**Your instructions:** Wherever a picture appears, skip it and retype the rest of the data exactly.

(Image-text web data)
== Segment start ==

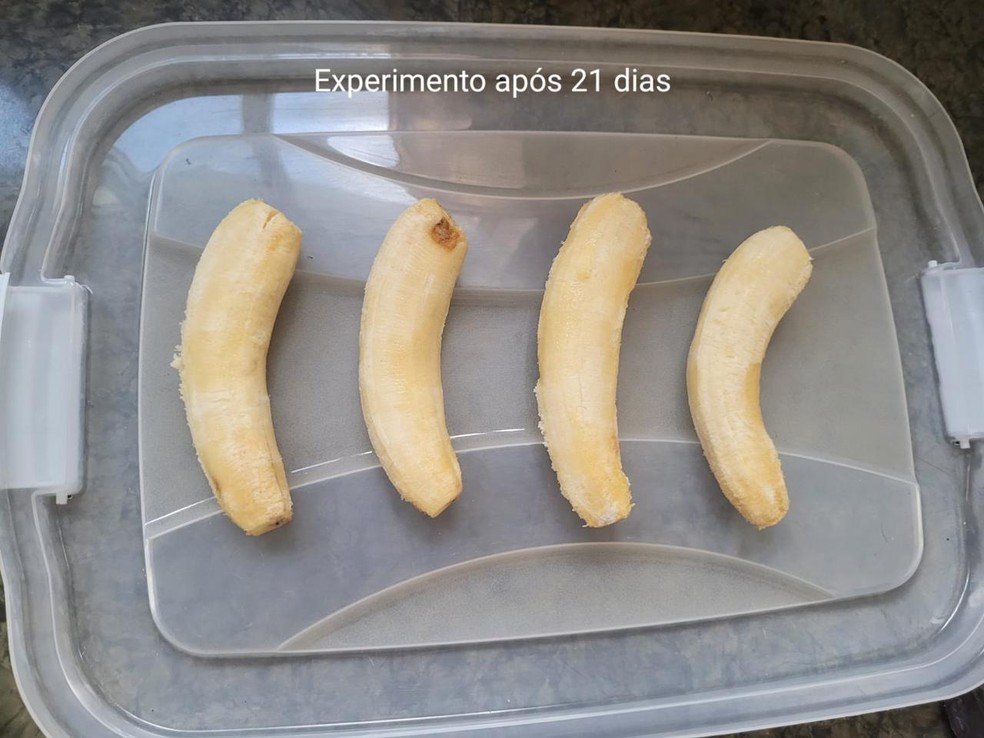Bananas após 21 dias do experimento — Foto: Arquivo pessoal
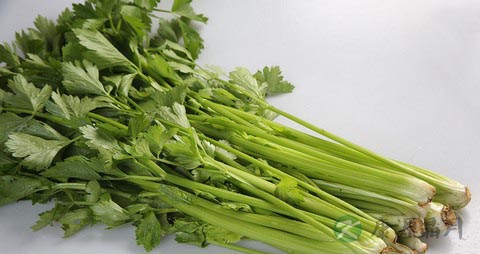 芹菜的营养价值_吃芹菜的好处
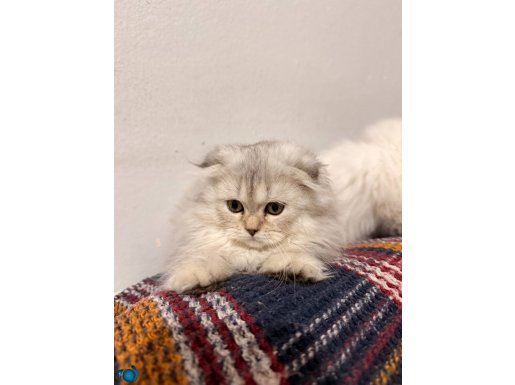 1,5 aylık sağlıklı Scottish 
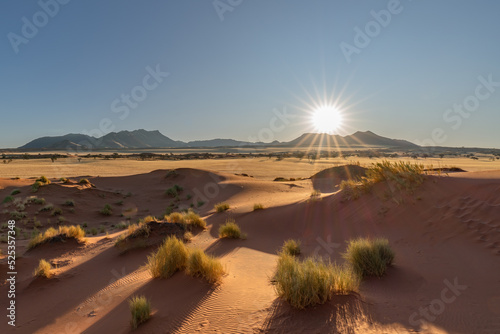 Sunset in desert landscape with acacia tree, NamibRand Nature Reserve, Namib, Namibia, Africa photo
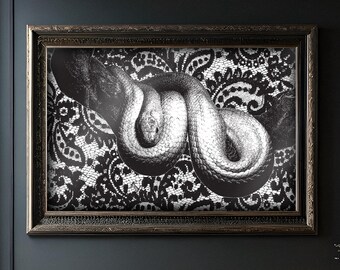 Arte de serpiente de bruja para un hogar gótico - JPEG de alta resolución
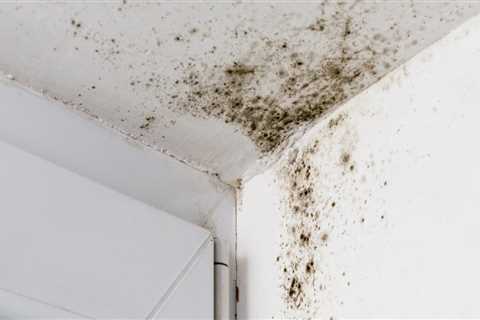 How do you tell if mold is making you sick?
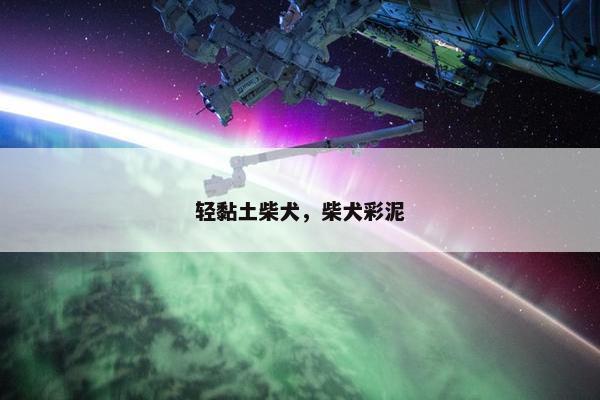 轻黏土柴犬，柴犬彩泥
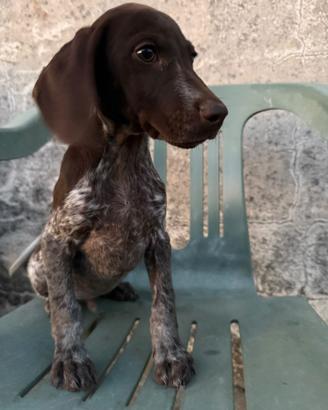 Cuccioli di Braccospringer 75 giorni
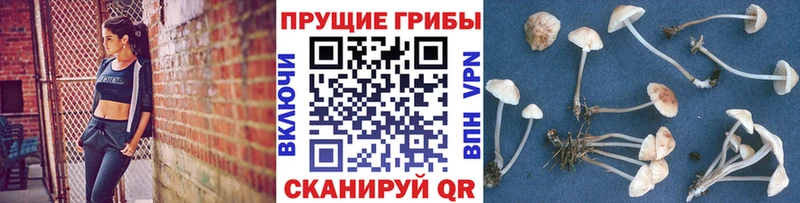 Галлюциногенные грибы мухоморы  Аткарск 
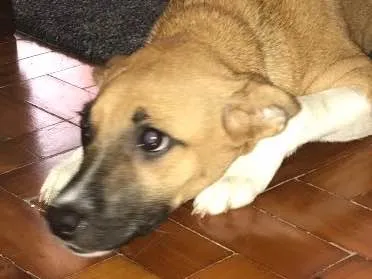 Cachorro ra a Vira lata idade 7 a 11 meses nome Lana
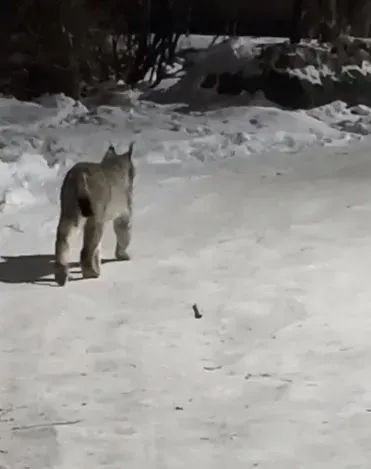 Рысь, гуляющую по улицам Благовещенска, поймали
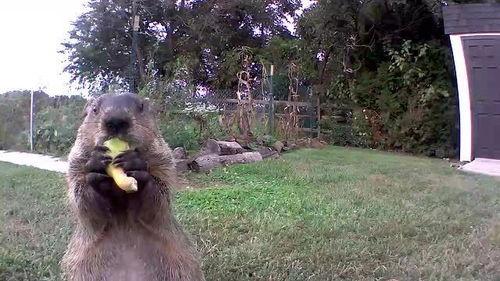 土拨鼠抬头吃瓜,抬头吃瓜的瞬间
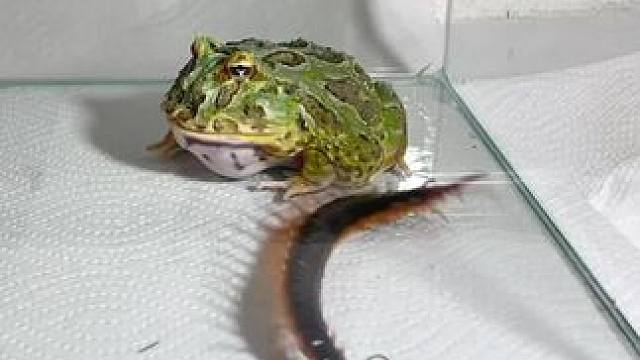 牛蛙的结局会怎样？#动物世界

== Segment end ==

**Written solution:**
Bananas após 21 dias do experimento — Foto: Arquivo pessoal
 芹菜的营养价值_吃芹菜的好处
 1,5 aylık sağlıklı Scottish 
 Sunset in desert landscape with acacia tree, NamibRand Nature Reserve, Namib, Namibia, Africa photo
 Arte de serpiente de bruja para un hogar gótico - JPEG de alta resolución
 How do you tell if mold is making you sick?
 轻黏土柴犬，柴犬彩泥
 Cuccioli di Braccospringer 75 giorni
 Галлюциногенные грибы мухоморы  Аткарск 
 Cachorro ra a Vira lata idade 7 a 11 meses nome Lana
 Рысь, гуляющую по улицам Благовещенска, поймали
 土拨鼠抬头吃瓜,抬头吃瓜的瞬间
 牛蛙的结局会怎样？#动物世界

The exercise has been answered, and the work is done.